BRIEF DESCRIPTION OF THE DRAWINGS
[0009] FIG. 1 depicts a configuration of an electronic timepiece
including a liquid crystal control circuit of a first illustrative
embodiment;
[0010] FIG. 2 depicts an outer shape of the electronic timepiece of
the first illustrative embodiment;
[0011] FIG. 3 is a timing chart for illustrating a VCOM signal of
the liquid crystal control circuit of the first illustrative
embodiment;
[0012] FIG. 4 is a timing chart of the liquid crystal control
circuit of the first illustrative embodiment;
[0013] FIG. 5 is a timing chart of a liquid crystal control circuit
of a second illustrative embodiment;
[0014] FIG. 6 is a flowchart (1) for illustrating operations of a
liquid crystal control circuit of a third illustrative
embodiment;
[0015] FIG. 7 is a flowchart (2) for illustrating operations of the
liquid crystal control circuit of the third illustrative
embodiment; and
[0016] FIG. 8 is a flowchart (3) for illustrating operations of the
liquid crystal control circuit of the third illustrative
embodiment.
DETAILED DESCRIPTION OF THE PREFERRED EMBODIMENTS
[0017] Hereinafter, illustrative embodiments will be described in
detail with reference to the drawings. In the meantime, the
respective drawings schematically show the illustrative embodiments
so as to sufficiently understand the same.
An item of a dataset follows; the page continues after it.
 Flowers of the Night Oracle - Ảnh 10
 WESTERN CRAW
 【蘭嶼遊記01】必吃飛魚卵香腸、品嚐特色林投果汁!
Also, in the respective
drawings, the common or same constitutional elements are denoted
with the same reference numerals, and the overlapping descriptions
thereof are omitted.
First Illustrative Embodiment
[0018] FIG. 1 depicts a configuration of an electronic timepiece
including a liquid crystal control circuit of a first illustrative
embodiment, and FIG. 2 depicts an outer shape of the electronic
timepiece of the first illustrative embodiment.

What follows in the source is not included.